What is needed -
Give all of the data again exactly as written, omitting every image.

Supplied information -
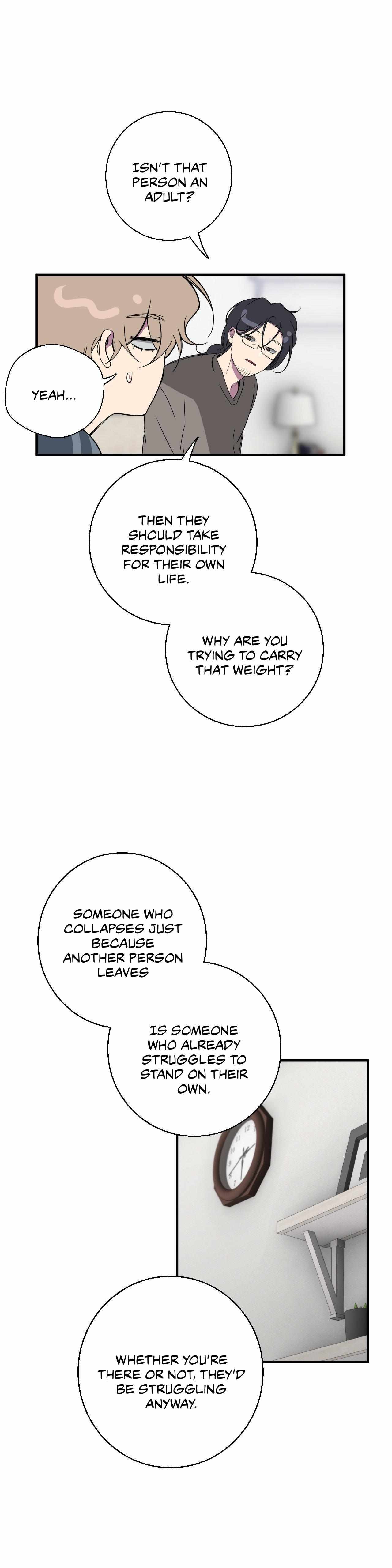 Negative Love Chapter 47 page 63 - 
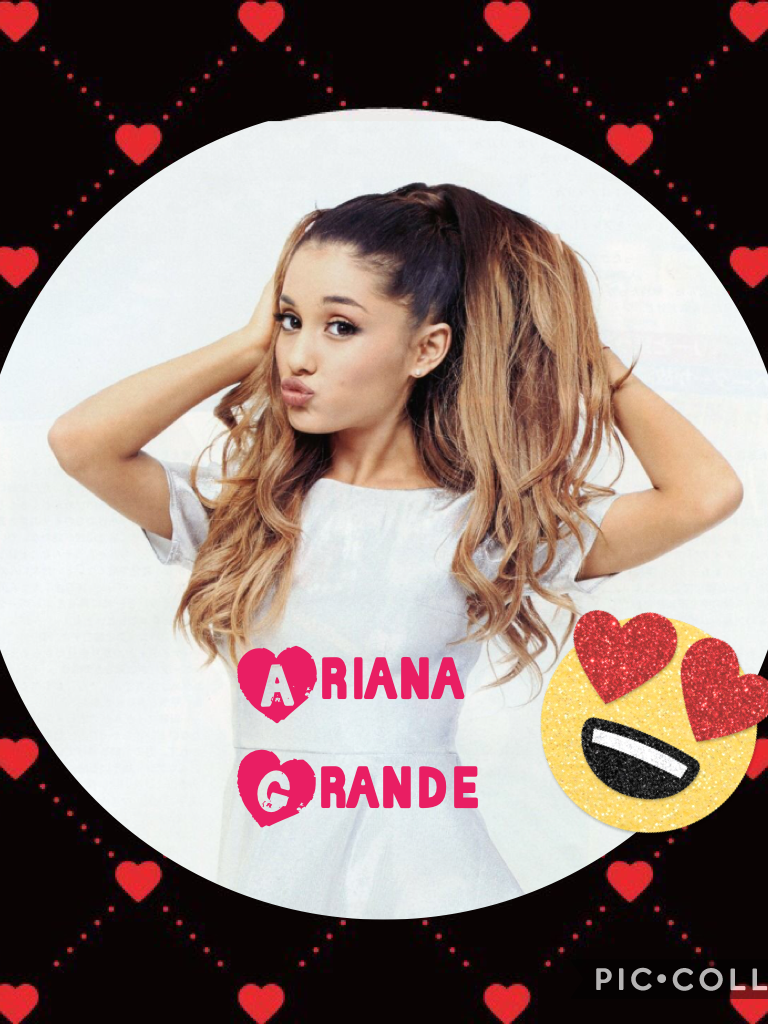 Who here loves Ariana Grande? Comment from 1-10 how much u love her!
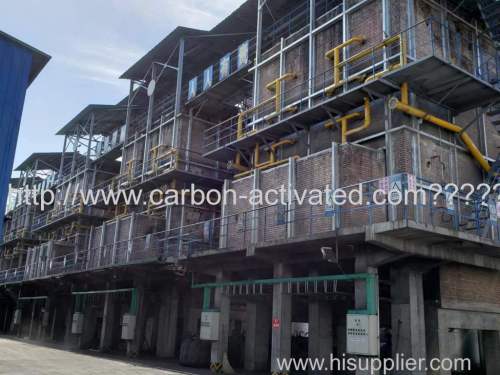 Honeycomb Activated Carbon Industrial Waste Gas Treatment Air Purification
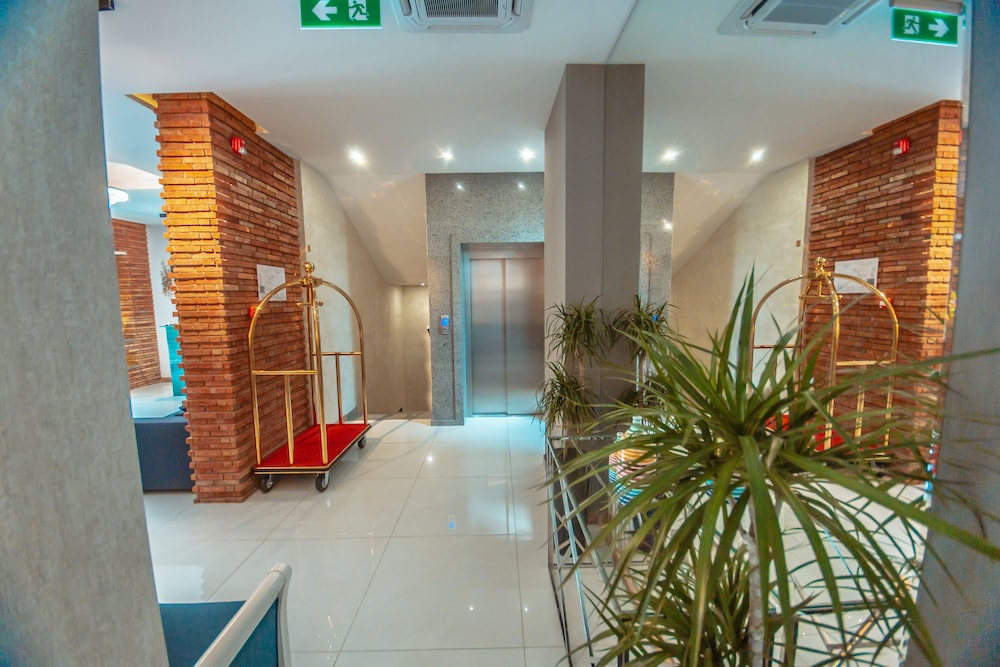 Hotel Banovani 14/61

Problem solution -
 Negative Love Chapter 47 page 63 - 
 Who here loves Ariana Grande? Comment from 1-10 how much u love her!
 Honeycomb Activated Carbon Industrial Waste Gas Treatment Air Purification
 Hotel Banovani 14/61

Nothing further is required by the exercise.